Cette vision, elle peut s’expliquer psychologiquement, comme le disaient certains articles d’Enjeux Les Échos de mars dernier, par l’âge de nos gouvernants. Peut-on diriger un pays ou une entreprise avec la même envie ou la même créativité à 70 ans qu’à 20 ans ? La réponse est évidente, à 70 ans on n’a plus grand chose à prouver, et on n’a peut-être pas envie de prendre des risques. A 20 ans, on a tout à faire, et c’est bien pour cela qu’on tente des choses.

Les gouvernements les plus jeunes (40 ans avec l’expérience) sont souvent ceux qui réalisent le plus d’avancées, par naïveté ou par volonté, mais, en tous les cas, ils TENTENT des choses. Tout ne marche pas, mais au moins, ils ESSAYENT.

A 24 ans, aujourd’hui en France, je n’ai aucune perspective. Sans emploi et avec l’inertie des temps de réponse (2 mois minimum), il m’est impossible d’envisager l’avenir. Sans salaire, je ne peux pas consommer, je ne peux rien construire. Sans sécurité du poste (CNE.com) je suis sur un siège éjectable, et le travail devient une corvée, alors qu’il n’est qu’un moyen de réaliser des choses simples : se nourrir, se loger, se déplacer, se divertir. Vous me demanderez mon niveau d’étudesn ? J’ai un Bac+5, mention Bien. J’ai d’ailleurs eu toutes mes années avec mention, et la pilule est d’autant plus amère qu’on nous raconte des berceuses à longueur de journée.
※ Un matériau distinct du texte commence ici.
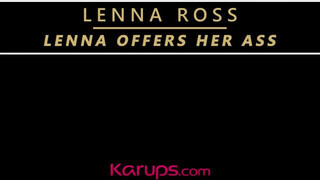 Lenna Ross feneke megkúrelva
Comment, à mon âge, avec mon niveau d’études, serait-il possible d’être optimiste pour l’avenir, alors que je n’ai aucun écho de la part de mes dirigeants (employeurs ou politiques) ? Notre génération (20-30 ans) n’est même pas représentée sur l’échiquier politique, nous n’avons pas de porte-parole, et surtout nous n’avons aucun moyen d’accéder à ce droit d’expression.

Alors oui, je ressens le même malaise, la même rage que ceux des banlieues. Je n’irai pas brûler la voiture de mon voisin pour autant, mais j’en ai également gros sur le coeur, de voir des jeunes sacrifiés ainsi sur l’autel de l’ignorance ou de la bêtise volontaire (Larcher, Robien, Perben...) alors que de l’emploi, il en existe partout. Il en existe dans les hôpitaux, dans les tribunaux, dans les organismes d’État, pour peu qu’on se décide à limiter les excès. Il en existe également dans le privé, en élargissant les marchés publics, en donnant du pouvoir d’achat aux jeunes qui n’ont pas d’emploi et sont contraints de dilapider la moitié de leur salaire en logement.

Les ignorants sont bénis. Mais je ne suis pas ignorant. Conscient de la prison dans laquelle on nous enferme, je souhaite vivement que les jeunes comme moi prennent un jour la parole, comme ils l’ont fait un mois d’avril 2005 devant M.Chirac, pour montrer à quel point la réalité est différente, selon le point de vue où l’on se place.

Ceci n’est pas un chant de Cassandre, ou une litanie gratuite, il s’agit d’un appel à la raison : un pays ne peut pas espérer progresser s’il musèle ses jeunes, non seulement parce que ceux-ci sont dépendants plus longtemps des finances de leurs parents, mais aussi parce qu’ils ne génèrent plus les richesses qui devraient assurer une retraite décente à leurs grands-parents.

C’est par cette voie seule que peut s’exprimer la solidarité générationnelle. Faut-il encore rétablir la confiance des jeunes... Pour cela, il faudra enfin avoir le sens des responsabilités, et faire changer les têtes qui nous dégouvernent.